Security
SSL/TLS certificates explained for developers
Every HTTPS connection relies on a TLS certificate. Understanding how they work helps you debug errors, avoid common misconfigurations, and choose the right setup for your project.
What a certificate does
A TLS certificate serves two purposes: it proves the server really is who it claims to be (authentication), and it enables encrypted communication (confidentiality). Browsers verify certificates by checking the signature of a trusted Certificate Authority (CA).
Certificate Authorities
A CA is an organisation that issues and signs certificates. Browsers ship with a list of trusted CAs. If a certificate is signed by one of them (or by an intermediate CA that chains up to one), the browser trusts it. Let’s Encrypt is a free, automated CA that issues domain-validated (DV) certificates.
Let’s Encrypt and ACME
Let’s Encrypt uses the ACME protocol to automate certificate issuance.

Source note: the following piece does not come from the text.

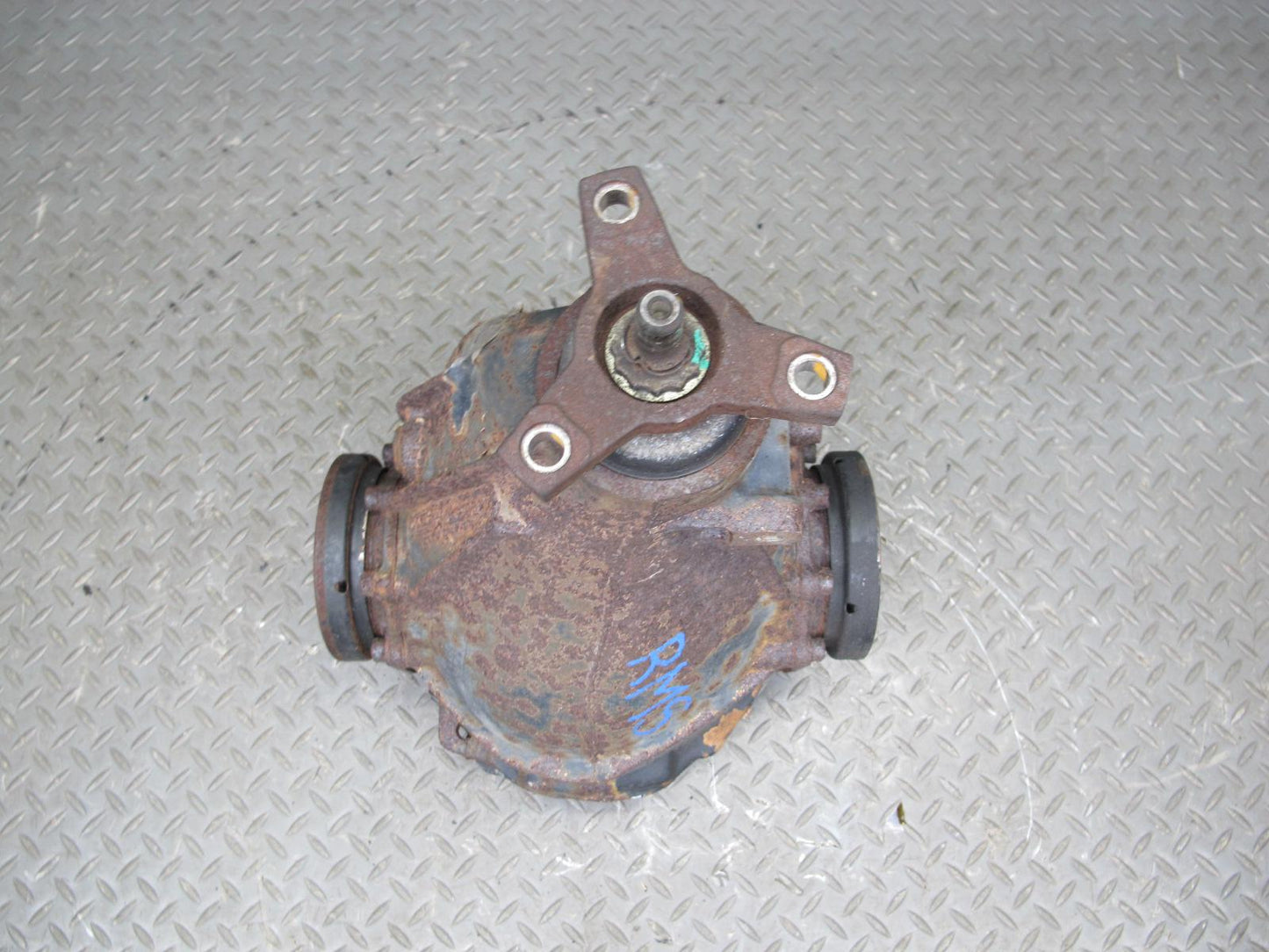 96-99 Mercedes W140 S500 Rear Axle Differential Carrier 2.65 Ratio OEM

Your server proves it controls the domain by either:
- HTTP-01 challenge: serving a token file at
http://yourdomain.com/.well-known/acme-challenge/ - DNS-01 challenge: adding a TXT record to your DNS
Simplewala uses HTTP-01 via Nginx. The process is fully automatic.
Common errors and fixes
| Error | Likely cause |
|---|---|
ERR_CERT_AUTHORITY_INVALID | Self-signed cert, expired cert, or missing intermediate chain |
NET::ERR_CERT_DATE_INVALID | Certificate expired — renew or check auto-renewal |
ERR_CERT_COMMON_NAME_INVALID | Certificate domain doesn’t match the requested domain |
ACME validation failed | DNS not pointing to the server yet, or port 80 blocked |
Debugging with openssl
# Check the certificate served by a domain openssl s_client -connect yourdomain.com:443 -servername yourdomain.com 2>/dev/null \ | openssl x509 -noout -dates -subject
On Simplewala
Simplewala provisions Let’s Encrypt certificates automatically for every domain you add to the Front Door proxy. Certificates are renewed 30 days before expiry with no manual action required.